● What the task asks
Output all entries verbatim. Skip pictures.

[Records for the task — start]

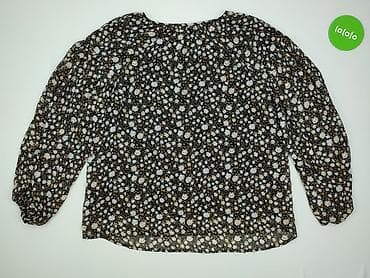 Women's Clothing: Greenpoint, Women's blouse, size S — 3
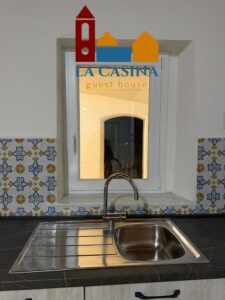 La casina – photo 5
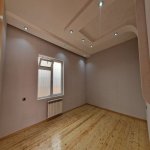 Satılır 2 otaqlı Həyət evi/villa, Masazır, Abşeron rayonu 7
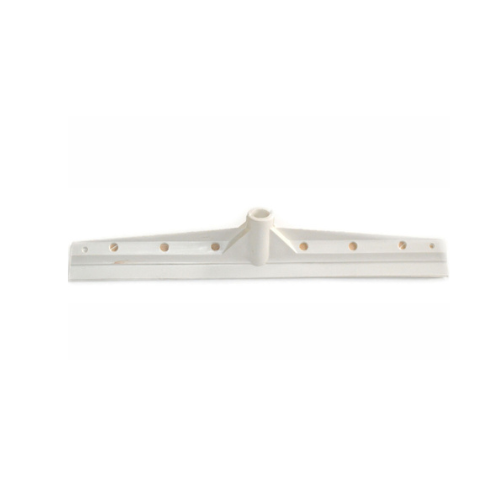 SECADOR BLANCO 30 CM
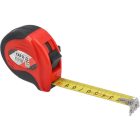 YATO YT-7127 Mérőszalag 5 m x 19 mm mágneses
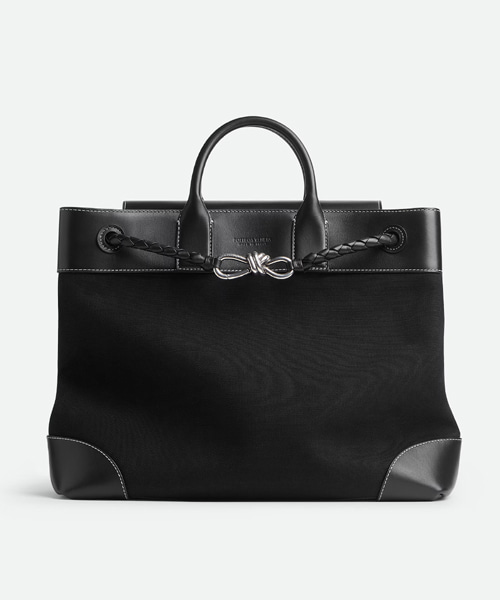 안디아모 보이저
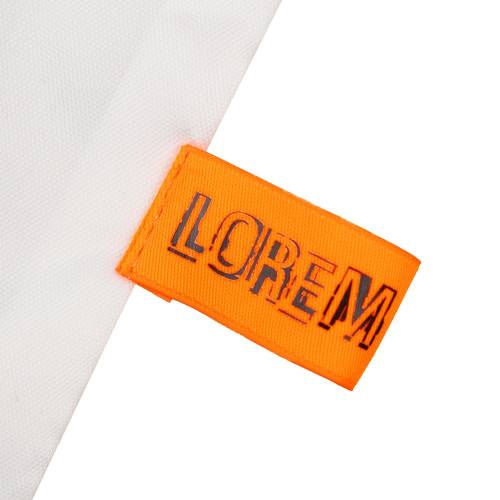 Рюкзак New Element, белый фото 12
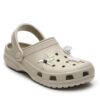 NEOZ Women’s Clogs SEA WORLD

[Records for the task — finish]

● Result for this exercise
 Women's Clothing: Greenpoint, Women's blouse, size S — 3
 La casina – photo 5
 Satılır 2 otaqlı Həyət evi/villa, Masazır, Abşeron rayonu 7
 SECADOR BLANCO 30 CM
 YATO YT-7127 Mérőszalag 5 m x 19 mm mágneses
 안디아모 보이저
 Рюкзак New Element, белый фото 12
 NEOZ Women’s Clogs SEA WORLD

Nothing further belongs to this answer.